──────── Data block
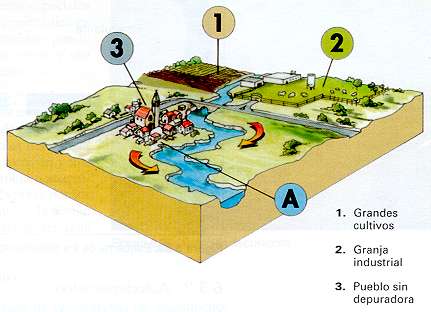 contaminacionrio.jpg (21104 bytes)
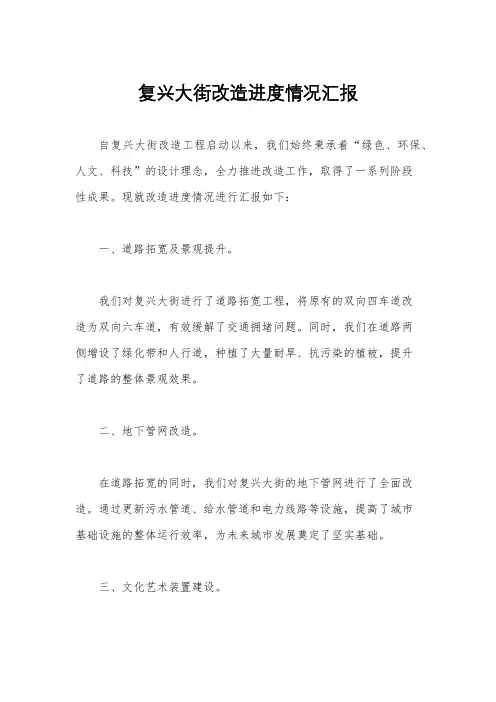 复兴大街改造进度情况汇报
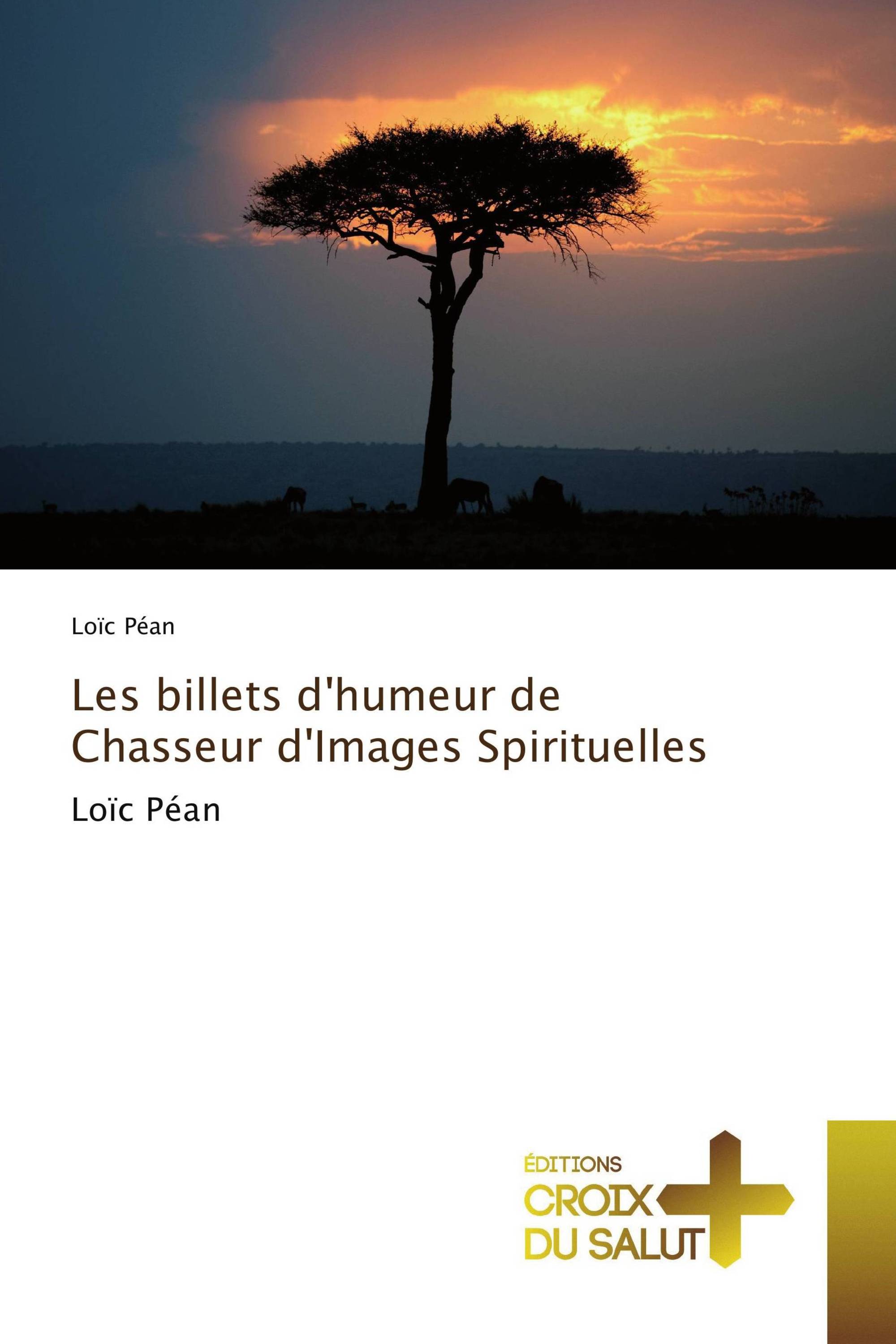 Les billets d'humeur de Chasseur d'Images Spirituelles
────────────────
Restate the full listing verbatim and drop every picture.

 contaminacionrio.jpg (21104 bytes)
 复兴大街改造进度情况汇报
 Les billets d'humeur de Chasseur d'Images Spirituelles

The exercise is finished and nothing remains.